- Education: Universidad de las Américas Puebla University of Minnesota
- Awards: American Physical Society Excellence in Physics Education Award, 2023 Fellow of the American Physical Society, 2023
- Scientific career
- Fields: Condensed matter physics
- Workplaces: University of St. Thomas
- Doctoral advisor: James R. Chelikowsky

= Marie Lopez del Puerto =

Mexican and American physicist

Marie Lopez del Puerto is a condensed matter physicist whose research concerns the computational study of the electronic, optical, and quantum properties of nanocrystals and nanostructures. As a physics educator, she has worked to integrate computational physics into the undergraduate physics curriculum. Educated in Mexico and the US, she works in the US as a professor of physics and chair of the physics department at the University of St. Thomas, a private Catholic university in Minnesota.

==Education and career==
Lopez del Puerto earned a licenciatura in Physics from the Universidad de las Américas Puebla in Mexico in 2002. She began her work in physics education that year, teaching physics at a local college for a term between the end of her undergraduate and the beginning of her graduate program. She went to the University of Minnesota for graduate study in physics, earning a master's degree in 2004 and completing her Ph.D. there in 2008, supervised by James R. Chelikowsky. Chelikowsky moved to the Oden Institute for Computational Engineering and Sciences at the University of Texas at Austin in 2005, and Lopez del Puerto continued to work with him there, but earned her degree through the University of Minnesota.

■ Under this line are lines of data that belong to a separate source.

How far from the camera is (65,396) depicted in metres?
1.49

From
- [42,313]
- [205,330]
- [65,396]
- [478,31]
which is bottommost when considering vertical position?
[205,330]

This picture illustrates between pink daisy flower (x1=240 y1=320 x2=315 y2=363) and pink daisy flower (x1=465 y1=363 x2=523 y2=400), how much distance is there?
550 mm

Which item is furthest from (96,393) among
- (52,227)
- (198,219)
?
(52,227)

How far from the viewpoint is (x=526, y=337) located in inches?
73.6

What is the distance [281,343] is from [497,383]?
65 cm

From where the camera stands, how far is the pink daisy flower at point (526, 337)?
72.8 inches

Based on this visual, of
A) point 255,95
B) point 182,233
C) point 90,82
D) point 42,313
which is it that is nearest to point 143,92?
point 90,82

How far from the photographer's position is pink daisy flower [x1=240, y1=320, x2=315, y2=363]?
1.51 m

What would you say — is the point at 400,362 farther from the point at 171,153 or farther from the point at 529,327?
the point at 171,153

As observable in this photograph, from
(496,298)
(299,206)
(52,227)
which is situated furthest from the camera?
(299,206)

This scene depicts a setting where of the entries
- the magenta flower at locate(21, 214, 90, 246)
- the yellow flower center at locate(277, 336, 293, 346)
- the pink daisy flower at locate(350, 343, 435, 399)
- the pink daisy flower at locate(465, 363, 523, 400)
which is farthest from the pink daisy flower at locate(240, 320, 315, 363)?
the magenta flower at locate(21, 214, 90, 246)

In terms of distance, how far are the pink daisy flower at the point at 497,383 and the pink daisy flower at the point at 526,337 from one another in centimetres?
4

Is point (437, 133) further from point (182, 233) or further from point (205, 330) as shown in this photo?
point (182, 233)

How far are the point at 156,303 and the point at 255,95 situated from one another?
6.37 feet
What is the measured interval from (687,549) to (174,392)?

She became a faculty member at the University of St. Thomas in 2008.

==Recognition==
Lopez del Puerto was a 2023 recipient of the Excellence in Physics Education Award of the American Physical Society (APS), for her work with the Partnership for Integrating Computation into Undergraduate Physics, a multi-university physics education project which she joined in 2012. She was named a Fellow of the American Physical Society in 2023, after a nomination from the APS Forum on Education, "for impactful work on integrating computation into the physics curriculum, for leadership in the Partnership for Integrating Computation into Undergraduate Physics, and for service to the American Physical Society and the American Association of Physics Teachers".